**Exercise objective**
Return the entries below precisely, omitting nothing.
──────── Data for this exercise ────────
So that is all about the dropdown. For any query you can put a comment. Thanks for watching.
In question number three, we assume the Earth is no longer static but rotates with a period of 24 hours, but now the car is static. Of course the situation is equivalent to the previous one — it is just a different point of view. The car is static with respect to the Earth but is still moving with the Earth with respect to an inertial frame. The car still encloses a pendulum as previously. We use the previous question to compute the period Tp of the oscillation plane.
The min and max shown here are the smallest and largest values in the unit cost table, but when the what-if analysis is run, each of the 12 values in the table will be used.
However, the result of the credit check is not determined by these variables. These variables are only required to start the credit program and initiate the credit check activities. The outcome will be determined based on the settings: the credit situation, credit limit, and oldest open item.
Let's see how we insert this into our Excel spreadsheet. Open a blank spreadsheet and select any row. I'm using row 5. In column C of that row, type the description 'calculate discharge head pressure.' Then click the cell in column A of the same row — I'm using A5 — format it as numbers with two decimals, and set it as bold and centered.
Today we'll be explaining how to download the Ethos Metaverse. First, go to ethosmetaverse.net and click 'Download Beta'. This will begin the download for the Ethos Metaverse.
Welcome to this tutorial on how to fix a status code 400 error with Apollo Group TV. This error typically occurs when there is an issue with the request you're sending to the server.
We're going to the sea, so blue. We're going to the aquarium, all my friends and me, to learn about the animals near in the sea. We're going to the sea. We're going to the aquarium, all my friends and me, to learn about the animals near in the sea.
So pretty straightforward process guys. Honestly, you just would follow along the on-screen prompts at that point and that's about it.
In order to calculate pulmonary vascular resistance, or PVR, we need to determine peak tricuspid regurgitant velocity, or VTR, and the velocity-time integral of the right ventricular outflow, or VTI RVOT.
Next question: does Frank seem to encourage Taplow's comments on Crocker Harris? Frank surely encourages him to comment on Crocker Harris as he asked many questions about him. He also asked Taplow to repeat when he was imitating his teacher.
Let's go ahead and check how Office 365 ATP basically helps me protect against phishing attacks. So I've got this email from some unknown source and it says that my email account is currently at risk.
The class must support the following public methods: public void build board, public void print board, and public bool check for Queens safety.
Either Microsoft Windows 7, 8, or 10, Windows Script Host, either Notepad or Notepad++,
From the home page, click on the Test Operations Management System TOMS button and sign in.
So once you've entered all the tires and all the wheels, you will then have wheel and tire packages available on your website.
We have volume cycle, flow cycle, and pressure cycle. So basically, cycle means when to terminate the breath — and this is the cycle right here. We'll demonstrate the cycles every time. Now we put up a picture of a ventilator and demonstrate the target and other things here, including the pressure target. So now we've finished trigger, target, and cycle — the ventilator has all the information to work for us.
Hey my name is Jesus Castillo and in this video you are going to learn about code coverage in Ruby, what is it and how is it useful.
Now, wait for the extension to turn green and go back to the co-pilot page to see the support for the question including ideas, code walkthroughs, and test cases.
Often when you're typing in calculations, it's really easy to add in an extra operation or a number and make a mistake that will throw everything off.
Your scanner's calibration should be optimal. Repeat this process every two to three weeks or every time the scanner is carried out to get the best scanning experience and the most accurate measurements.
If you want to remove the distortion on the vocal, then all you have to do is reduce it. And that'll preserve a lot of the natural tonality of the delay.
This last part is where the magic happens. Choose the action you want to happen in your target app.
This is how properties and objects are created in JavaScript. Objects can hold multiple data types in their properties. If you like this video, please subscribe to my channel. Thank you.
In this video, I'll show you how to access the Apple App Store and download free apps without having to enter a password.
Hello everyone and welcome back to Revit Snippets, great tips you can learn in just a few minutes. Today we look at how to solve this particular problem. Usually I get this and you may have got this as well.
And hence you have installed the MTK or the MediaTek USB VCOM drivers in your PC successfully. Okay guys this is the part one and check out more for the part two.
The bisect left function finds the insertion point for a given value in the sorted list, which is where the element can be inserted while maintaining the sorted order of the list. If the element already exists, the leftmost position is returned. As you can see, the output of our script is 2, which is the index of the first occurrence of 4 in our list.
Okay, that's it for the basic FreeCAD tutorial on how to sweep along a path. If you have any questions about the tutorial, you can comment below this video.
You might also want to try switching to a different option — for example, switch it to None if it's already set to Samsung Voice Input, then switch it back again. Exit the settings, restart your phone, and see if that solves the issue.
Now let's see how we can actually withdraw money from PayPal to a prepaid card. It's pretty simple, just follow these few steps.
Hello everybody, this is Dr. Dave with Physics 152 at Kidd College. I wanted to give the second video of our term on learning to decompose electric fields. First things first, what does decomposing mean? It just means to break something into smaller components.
────────
**Answer to this task**
So that is all about the dropdown. For any query you can put a comment. Thanks for watching.
In question number three, we assume the Earth is no longer static but rotates with a period of 24 hours, but now the car is static. Of course the situation is equivalent to the previous one — it is just a different point of view. The car is static with respect to the Earth but is still moving with the Earth with respect to an inertial frame. The car still encloses a pendulum as previously. We use the previous question to compute the period Tp of the oscillation plane.
The min and max shown here are the smallest and largest values in the unit cost table, but when the what-if analysis is run, each of the 12 values in the table will be used.
However, the result of the credit check is not determined by these variables. These variables are only required to start the credit program and initiate the credit check activities. The outcome will be determined based on the settings: the credit situation, credit limit, and oldest open item.
Let's see how we insert this into our Excel spreadsheet. Open a blank spreadsheet and select any row. I'm using row 5. In column C of that row, type the description 'calculate discharge head pressure.' Then click the cell in column A of the same row — I'm using A5 — format it as numbers with two decimals, and set it as bold and centered.
Today we'll be explaining how to download the Ethos Metaverse. First, go to ethosmetaverse.net and click 'Download Beta'. This will begin the download for the Ethos Metaverse.
Welcome to this tutorial on how to fix a status code 400 error with Apollo Group TV. This error typically occurs when there is an issue with the request you're sending to the server.
We're going to the sea, so blue. We're going to the aquarium, all my friends and me, to learn about the animals near in the sea. We're going to the sea. We're going to the aquarium, all my friends and me, to learn about the animals near in the sea.
So pretty straightforward process guys. Honestly, you just would follow along the on-screen prompts at that point and that's about it.
In order to calculate pulmonary vascular resistance, or PVR, we need to determine peak tricuspid regurgitant velocity, or VTR, and the velocity-time integral of the right ventricular outflow, or VTI RVOT.
Next question: does Frank seem to encourage Taplow's comments on Crocker Harris? Frank surely encourages him to comment on Crocker Harris as he asked many questions about him. He also asked Taplow to repeat when he was imitating his teacher.
Let's go ahead and check how Office 365 ATP basically helps me protect against phishing attacks. So I've got this email from some unknown source and it says that my email account is currently at risk.
The class must support the following public methods: public void build board, public void print board, and public bool check for Queens safety.
Either Microsoft Windows 7, 8, or 10, Windows Script Host, either Notepad or Notepad++,
From the home page, click on the Test Operations Management System TOMS button and sign in.
So once you've entered all the tires and all the wheels, you will then have wheel and tire packages available on your website.
We have volume cycle, flow cycle, and pressure cycle. So basically, cycle means when to terminate the breath — and this is the cycle right here. We'll demonstrate the cycles every time. Now we put up a picture of a ventilator and demonstrate the target and other things here, including the pressure target. So now we've finished trigger, target, and cycle — the ventilator has all the information to work for us.
Hey my name is Jesus Castillo and in this video you are going to learn about code coverage in Ruby, what is it and how is it useful.
Now, wait for the extension to turn green and go back to the co-pilot page to see the support for the question including ideas, code walkthroughs, and test cases.
Often when you're typing in calculations, it's really easy to add in an extra operation or a number and make a mistake that will throw everything off.
Your scanner's calibration should be optimal. Repeat this process every two to three weeks or every time the scanner is carried out to get the best scanning experience and the most accurate measurements.
If you want to remove the distortion on the vocal, then all you have to do is reduce it. And that'll preserve a lot of the natural tonality of the delay.
This last part is where the magic happens. Choose the action you want to happen in your target app.
This is how properties and objects are created in JavaScript. Objects can hold multiple data types in their properties. If you like this video, please subscribe to my channel. Thank you.
In this video, I'll show you how to access the Apple App Store and download free apps without having to enter a password.
Hello everyone and welcome back to Revit Snippets, great tips you can learn in just a few minutes. Today we look at how to solve this particular problem. Usually I get this and you may have got this as well.
And hence you have installed the MTK or the MediaTek USB VCOM drivers in your PC successfully. Okay guys this is the part one and check out more for the part two.
The bisect left function finds the insertion point for a given value in the sorted list, which is where the element can be inserted while maintaining the sorted order of the list. If the element already exists, the leftmost position is returned. As you can see, the output of our script is 2, which is the index of the first occurrence of 4 in our list.
Okay, that's it for the basic FreeCAD tutorial on how to sweep along a path. If you have any questions about the tutorial, you can comment below this video.
You might also want to try switching to a different option — for example, switch it to None if it's already set to Samsung Voice Input, then switch it back again. Exit the settings, restart your phone, and see if that solves the issue.
Now let's see how we can actually withdraw money from PayPal to a prepaid card. It's pretty simple, just follow these few steps.
Hello everybody, this is Dr. Dave with Physics 152 at Kidd College. I wanted to give the second video of our term on learning to decompose electric fields. First things first, what does decomposing mean? It just means to break something into smaller components.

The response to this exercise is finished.